@@ -83,3 +83,15 @@ environment, and set the variables you specified in `variables.bash`.
Supported means tested and the correct CUDA compute architecture will
be selected. Other machines can easily be supported by adjusting
`./run_scripts/activate.bash`.
## Training with checkpoints (longer than 24 hours)
You may make use of the executable `StartLongRun.bash` script in `./run_scripts` in order to send multiple jobs to the batch system, that will start only after the previous job has finished and use the checkpoints that were left by that jobs.
Have a look at `StartLongRun.bash`, see what it is doing and change the variables accordingly, do not use it blindly!
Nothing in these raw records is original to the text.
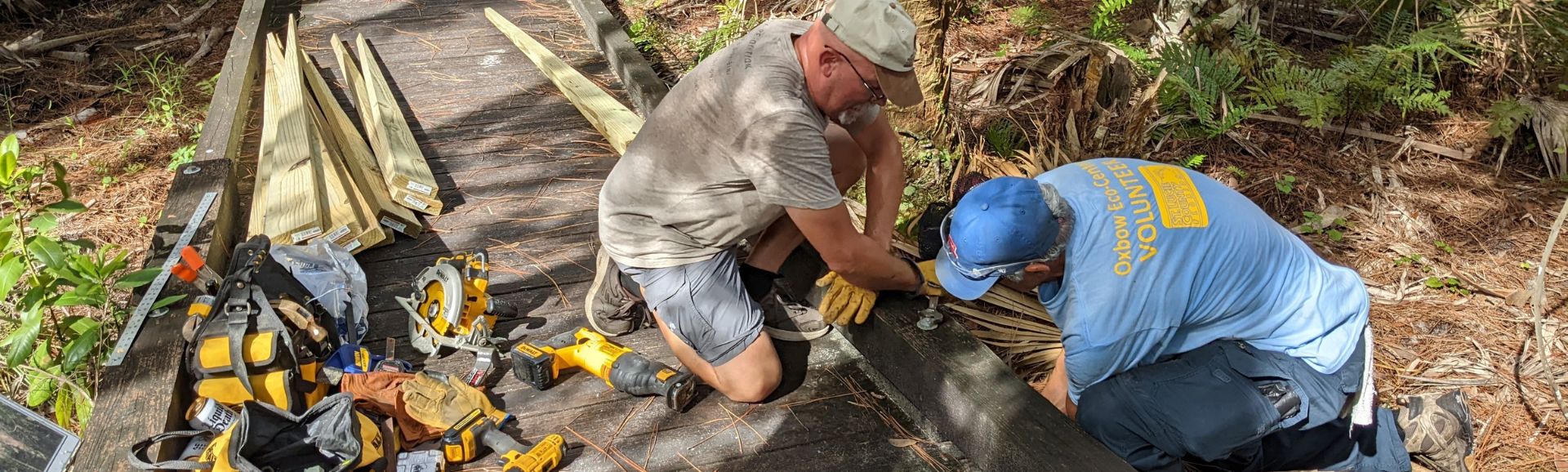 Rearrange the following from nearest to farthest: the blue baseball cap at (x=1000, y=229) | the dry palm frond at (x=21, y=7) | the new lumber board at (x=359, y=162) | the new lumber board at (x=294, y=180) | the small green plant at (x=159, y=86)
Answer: the blue baseball cap at (x=1000, y=229)
the new lumber board at (x=294, y=180)
the new lumber board at (x=359, y=162)
the small green plant at (x=159, y=86)
the dry palm frond at (x=21, y=7)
Variables that need to be set by you:
-`RUNTIME_PER_JOB`: How long should each job run. This value should be a maximum of 23:59:59 when using the `booster` partition, because 24 hours is the maximum runtime here.
-`NUM_JOBS`: How many jobs should be submitted.
You can do even more runs with the saved checkpoints by editing `DATA_OUTPUT_PATH` in `StartLongRun.bash` and running the script again.
Checkpointing happens every `SAVE_INTERVAL` iterations, which is a variable set in `run_scripts/tr1-13B-round1_juwels_pipe.sbatch`. Checkpointing does not happen automatically at the end of the job runtime. (If this is a feature you request, let us know)